The reply must consist of the lines from the first line of the records through the line containing "Tool & Supply", copied exactly, with every picture omitted.

Short descriptive text snippets
>>>>
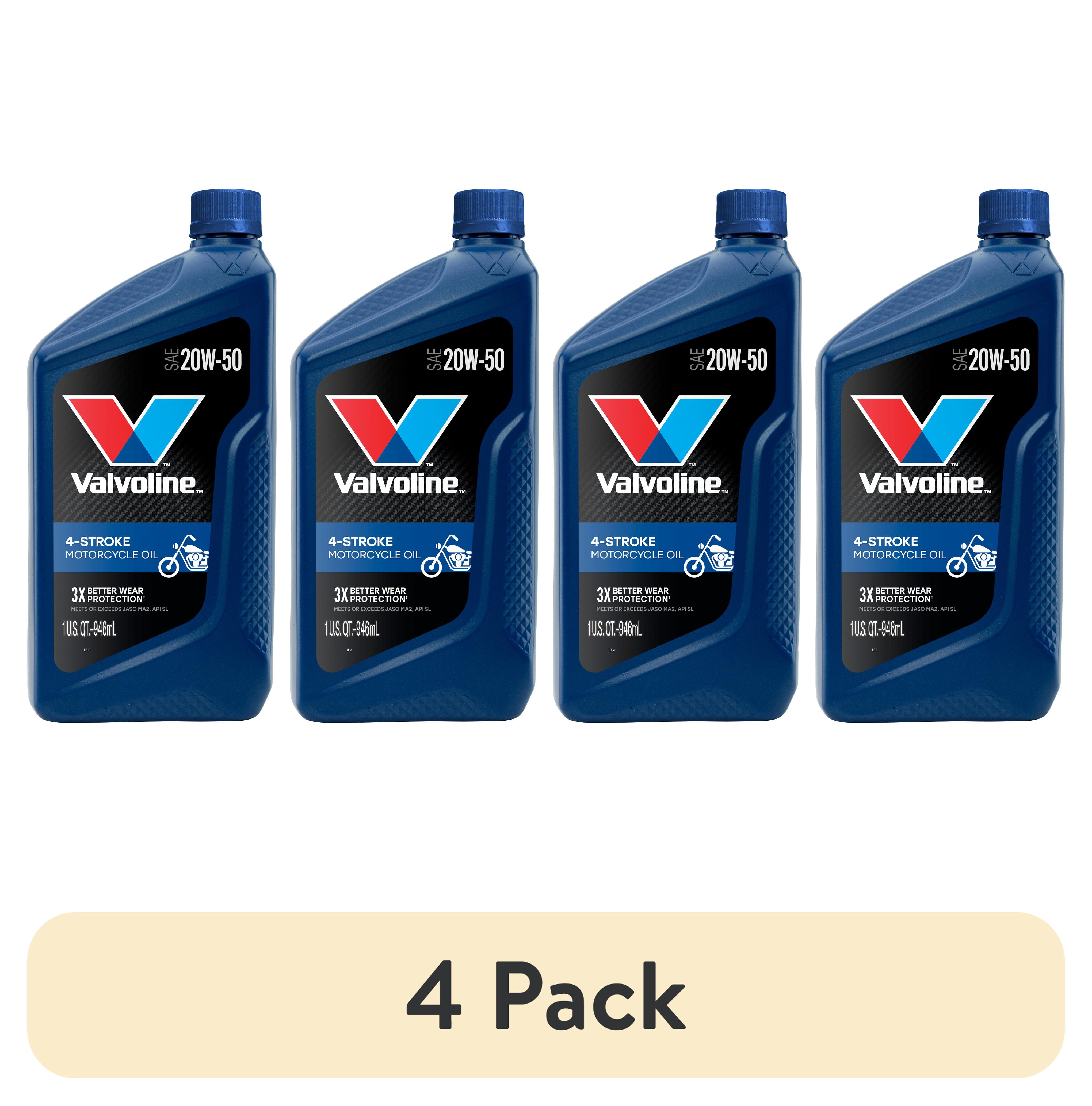 (4 pack) Valvoline 4-Stroke 20W-50 Conventional Motorcycle Oil 1 Quart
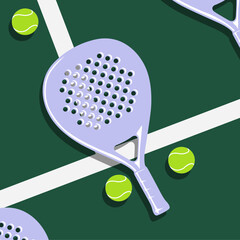 Padel Racket and Tennis ball close up on the court pop art vector illustration. Padel ball.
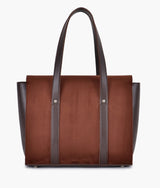 Dark brown suede carry-all satchel bag for women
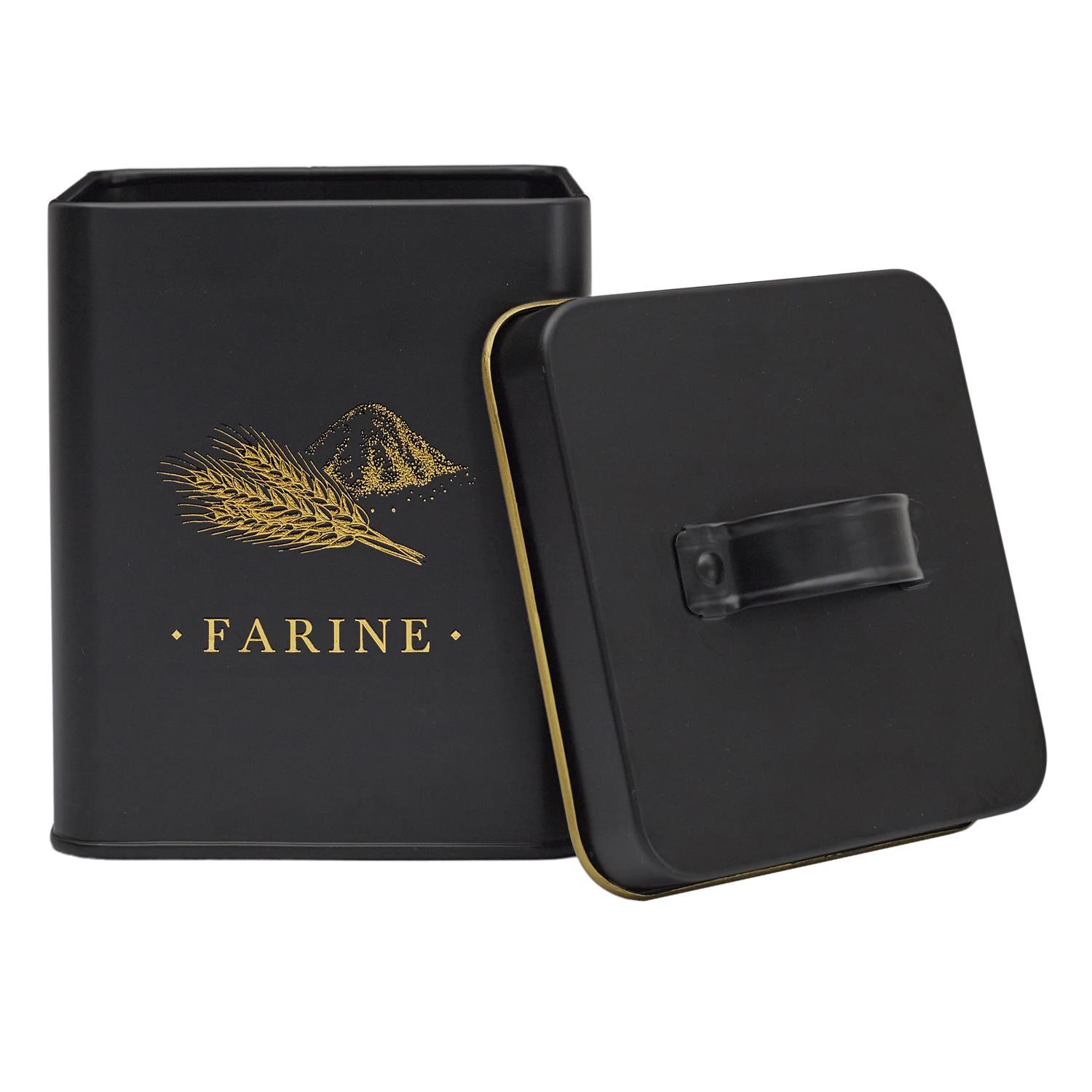 BOITE METAL NOIR ET DORE FARINE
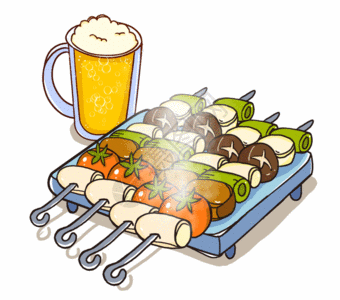 啤酒和烧烤gif动图图片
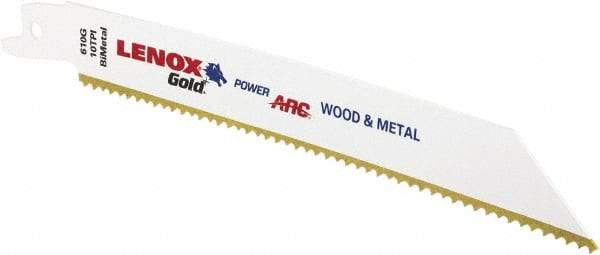 Lenox - 6" Long x 3/4" Thick, Bi-Metal Reciprocating Saw Blade - Tapered Profile, 10 TPI, Toothed Edge, Universal Shank - USA Tool & Supply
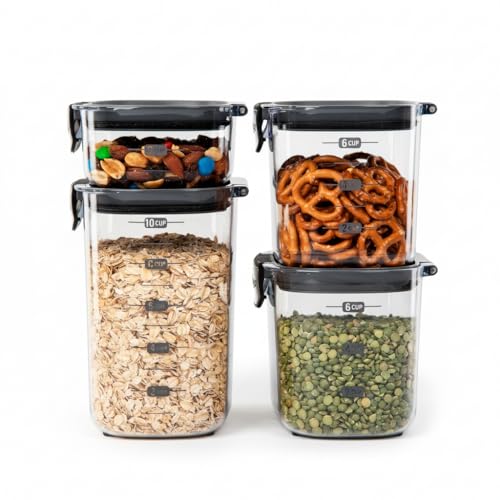 Progressive International ProKeeper+ 4-Piece Clear Plastic Modular Airtight Pantry Food/Snack Kitchen Storage Organization Container Canister Set - Image 1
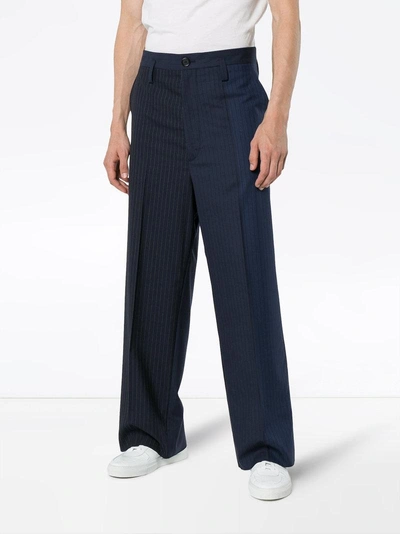 Shop Marni Pinstripe Two-tone Trousers - Blue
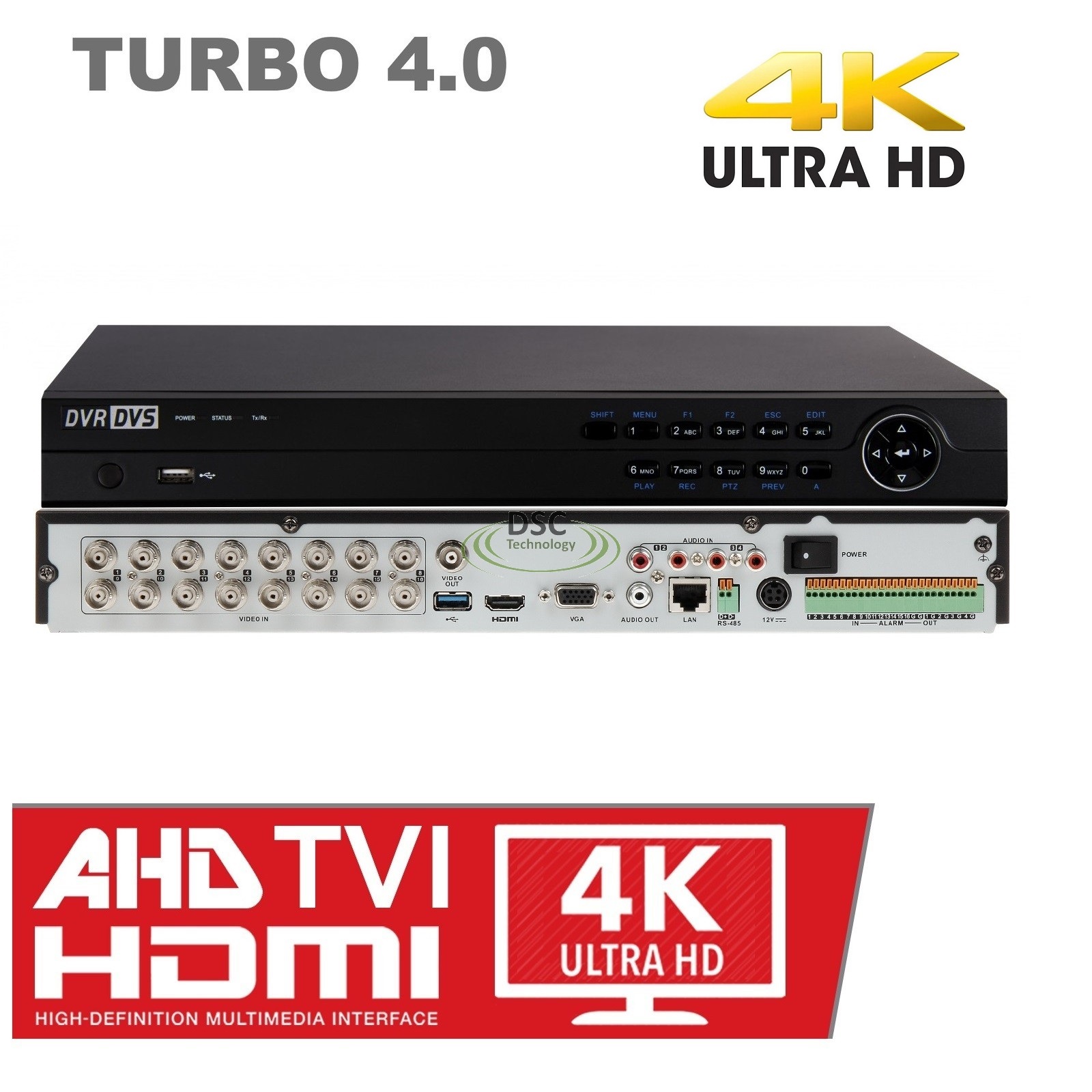 16Channel 8MP H.265+ HD Pentabrid HD-TVI/CVI/AHD IP & Analog DVR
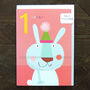 Gold Foiled Rabbit 1st Birthday Card, thumbnail 3 of 5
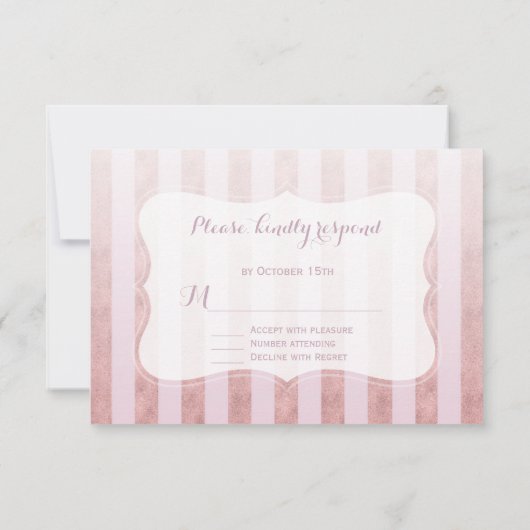 RSVP de mariage Rose Gold et Rayures Blush (Dos)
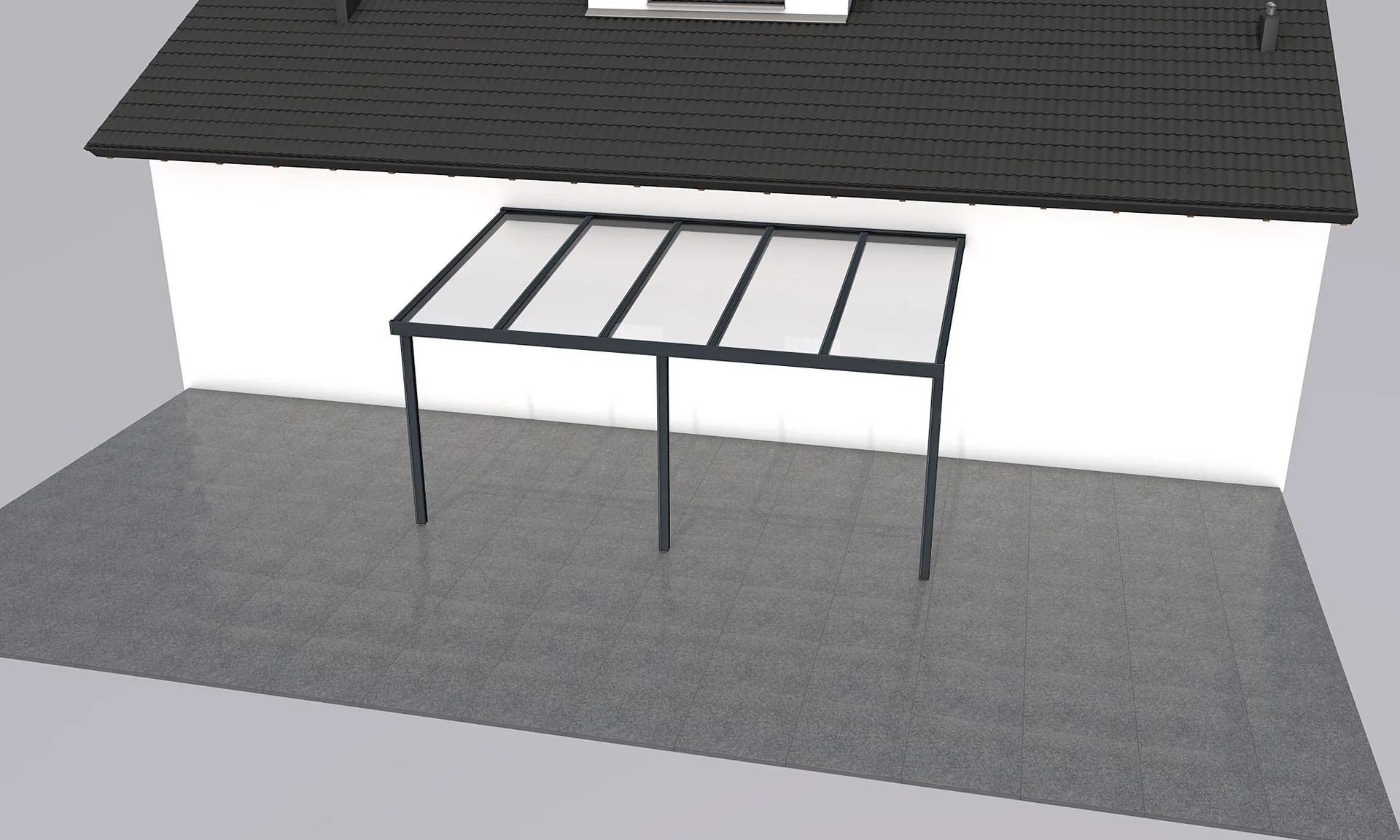 Terrassendach Premium, anthrazit, 5100 x 3060 mm - 10mm Verbundsicherheitsglas (VSG) - 0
<<<<
▶ **Task solution**:
 (4 pack) Valvoline 4-Stroke 20W-50 Conventional Motorcycle Oil 1 Quart
 Padel Racket and Tennis ball close up on the court pop art vector illustration. Padel ball.
 Dark brown suede carry-all satchel bag for women
 BOITE METAL NOIR ET DORE FARINE
 啤酒和烧烤gif动图图片
 Lenox - 6" Long x 3/4" Thick, Bi-Metal Reciprocating Saw Blade - Tapered Profile, 10 TPI, Toothed Edge, Universal Shank - USA Tool & Supply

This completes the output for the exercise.